En tal sentido, la Cultura Clásica fue pilar, piedra angular y fuente de renovación constante en las artes desde el Renacimiento, pasando por el Barroco, hasta el Neoclasicismo dieciochesco. Acotando el campo del presente texto a las artes plásticas y por poner algún ejemplo de cada período citado, véase: “La Escuela de Atenas” pintada por Rafael entre 1509 y 1511 para el Palacio Apostólico del Vaticano, los “Esopo” y “Menipo” ejecutados hacia 1638 por Velázquez –ambos en el Prado–, o la serie de relieves-murales sobre “La vida y la muerte de Sócrates” realizados por el escultor Antonio Canova entre 1787 y 1792.

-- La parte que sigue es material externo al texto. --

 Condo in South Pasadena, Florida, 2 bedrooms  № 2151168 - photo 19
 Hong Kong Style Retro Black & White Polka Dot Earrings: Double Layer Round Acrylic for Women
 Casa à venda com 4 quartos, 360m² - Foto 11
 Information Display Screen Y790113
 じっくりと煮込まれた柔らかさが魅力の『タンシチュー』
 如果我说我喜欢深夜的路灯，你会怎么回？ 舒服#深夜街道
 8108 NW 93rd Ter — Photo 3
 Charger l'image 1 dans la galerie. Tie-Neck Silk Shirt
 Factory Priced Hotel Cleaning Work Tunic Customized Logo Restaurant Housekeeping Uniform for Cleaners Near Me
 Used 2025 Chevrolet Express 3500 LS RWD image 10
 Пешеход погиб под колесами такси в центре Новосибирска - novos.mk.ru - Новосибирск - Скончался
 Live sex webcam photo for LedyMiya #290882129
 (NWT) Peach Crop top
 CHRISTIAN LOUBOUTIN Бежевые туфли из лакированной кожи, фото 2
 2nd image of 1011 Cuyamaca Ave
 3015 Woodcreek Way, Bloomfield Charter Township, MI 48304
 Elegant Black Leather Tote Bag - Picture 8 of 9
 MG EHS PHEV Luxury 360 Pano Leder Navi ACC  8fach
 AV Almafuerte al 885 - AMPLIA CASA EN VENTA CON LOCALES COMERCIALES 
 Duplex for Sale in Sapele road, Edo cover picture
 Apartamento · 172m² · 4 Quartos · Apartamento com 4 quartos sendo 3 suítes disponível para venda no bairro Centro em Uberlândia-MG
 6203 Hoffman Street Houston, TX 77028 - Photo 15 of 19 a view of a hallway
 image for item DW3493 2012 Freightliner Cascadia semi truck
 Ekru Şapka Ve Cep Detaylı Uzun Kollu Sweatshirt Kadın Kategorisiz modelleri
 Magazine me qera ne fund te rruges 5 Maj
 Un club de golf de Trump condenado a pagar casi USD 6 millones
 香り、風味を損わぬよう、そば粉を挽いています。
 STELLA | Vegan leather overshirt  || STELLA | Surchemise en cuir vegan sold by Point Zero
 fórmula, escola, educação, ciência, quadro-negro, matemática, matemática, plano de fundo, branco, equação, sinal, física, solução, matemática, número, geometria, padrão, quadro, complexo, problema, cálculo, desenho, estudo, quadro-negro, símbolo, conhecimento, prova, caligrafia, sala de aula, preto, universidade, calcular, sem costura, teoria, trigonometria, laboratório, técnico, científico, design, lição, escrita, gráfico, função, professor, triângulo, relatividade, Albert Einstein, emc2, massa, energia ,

Los modelos tomados de la Antigüedad Clásica explican igualmente por qué la gran pintura y escultura del siglo XIX –postergadas con el advenimiento de las Vanguardias– merecen la admiración de quienes las contemplan libres de prejuicios. ¿Y a qué nos referimos con “gran arte”? Pues a lo que, pese a quien pese, todo el mundo sabe o imagina. Obras ejecutadas por artistas cultos, con amplios conocimientos de Historia, Literatura y Anatomía, que dominaban el arte del dibujo y las técnicas de su oficio. Obras que emocionaban por la destreza desplegada en su ejecución y que, a menudo, inspiradas por nuestros clásicos, contenían una moraleja o alguna enseñanza más profunda; que despertaban en el observador una sana curiosidad por saber y, por lo tanto, propiciaban la “elevación del espíritu”. ¡Cualquiera diría que esto fuera lo natural hace no tanto!

Lo cierto es que la misma formación impartida en las distintas Academias artísticas en toda Europa prestaba especial atención a la Historia de Grecia y Roma, y, por ejemplo, en España, la “plaza de pensionado en Roma” solía otorgarse en concurso a partir de la representación de algún episodio de la Antigüedad Clásica. A lo que además se añadía el interés de los propios artistas por una fuente inagotable de motivos sugerentes y atractivos.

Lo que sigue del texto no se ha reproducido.